Introduction

What is machine learning

Arthur Samuel (1959) : Machine learning gives computers the ability to learn without being explicitly programmed.

Tom Mitchell (1998) : A computer program is said to learn from experience E with respect to some task T and some performance measure P, if its performance on T, as measured by P, improves with experience E.

Example: 你想讓 program 學習 email spam filter.
E: Program 觀察你 label email 為 spam or not spam
T: Program 獨自區分 mail 為 spam or not spam
P: filter spam mail 的成功率
所以 T 的 P 應該在 E 的訓練下而有所提升 !

Supervised Learning

在 Supervised Learning 中會把問題跟解答 (right answer) 一起給 Program 學習，從中去找出兩者之間的關係。

Supervised Learning 可以簡單分類為 Regression Problem 以及 Classification Problem :

Regression Problem

在 Regression Problem，我們希望利用 Features 來預測 Continuous Results，也就是 map input variables to some continuous function。

Example

例如我們想從現有的房地產狀況，來判斷手中的房產應該用多少的價格賣出，才會符合市場需求。

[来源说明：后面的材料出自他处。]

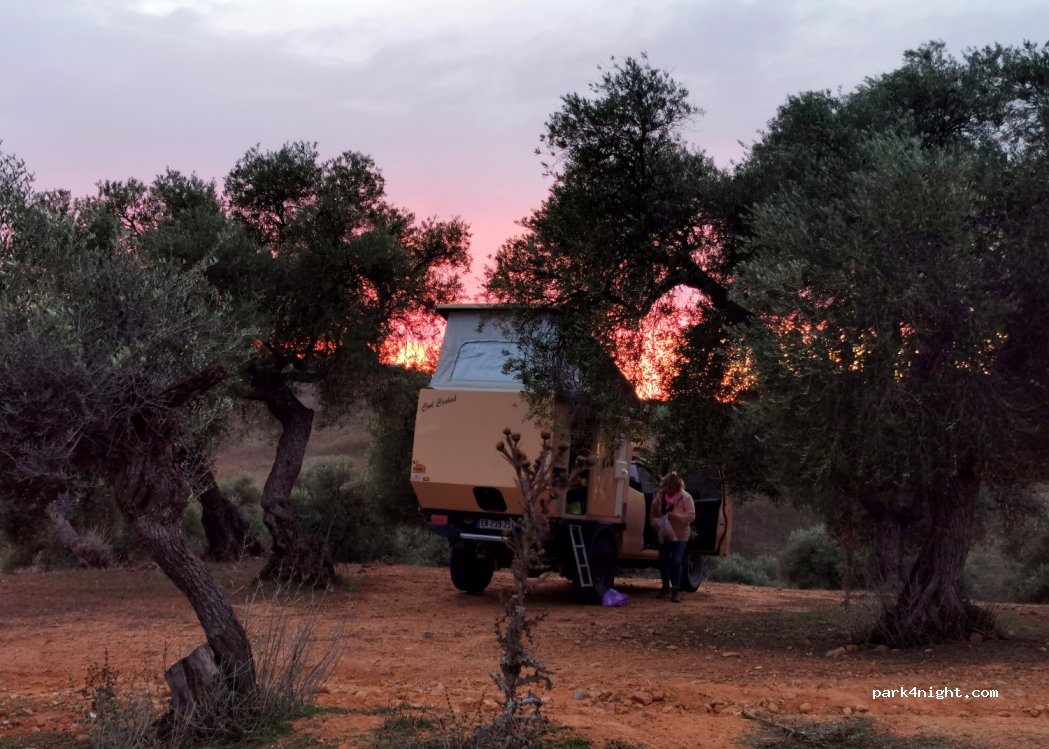 (41410) Carmona - Unnamed Road — foto 5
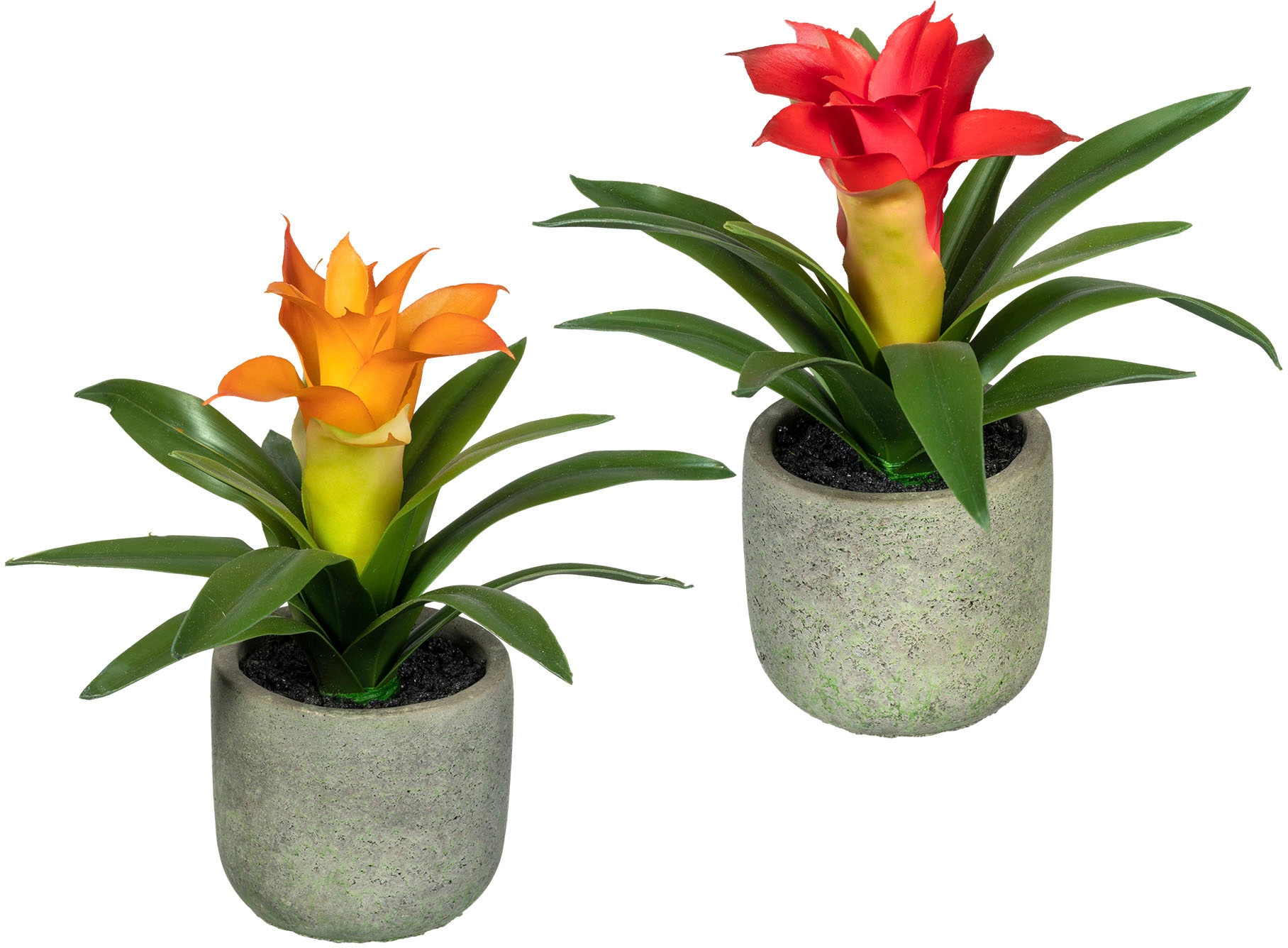 Creativ green Künstliche Zimmerpflanze »Set aus Guzmania in 2 Farben«, im  Zementtopf, 2er Set online shoppen | Jelmoli-Versand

此時 feature 為 Size in feet square，而 result 為 Price 是一個 continuous output

我們可以設定 learning algorithm 要讓 data 符合 straight line 或是 quadratic function

Classification Problem

在 Classification Problem，我們希望利用 Features 來預測 Discrete Results，也就是 map input variables into discrete categories。

Example

例如我們想從病人的腫瘤大小，來訓練機器判斷腫瘤是良性或是惡性時，此時結果可以用 0 或 1 表示，所以是 Classification 問題。

在 Classification Problem 中，Features 和 Results 都可以有多個出現 !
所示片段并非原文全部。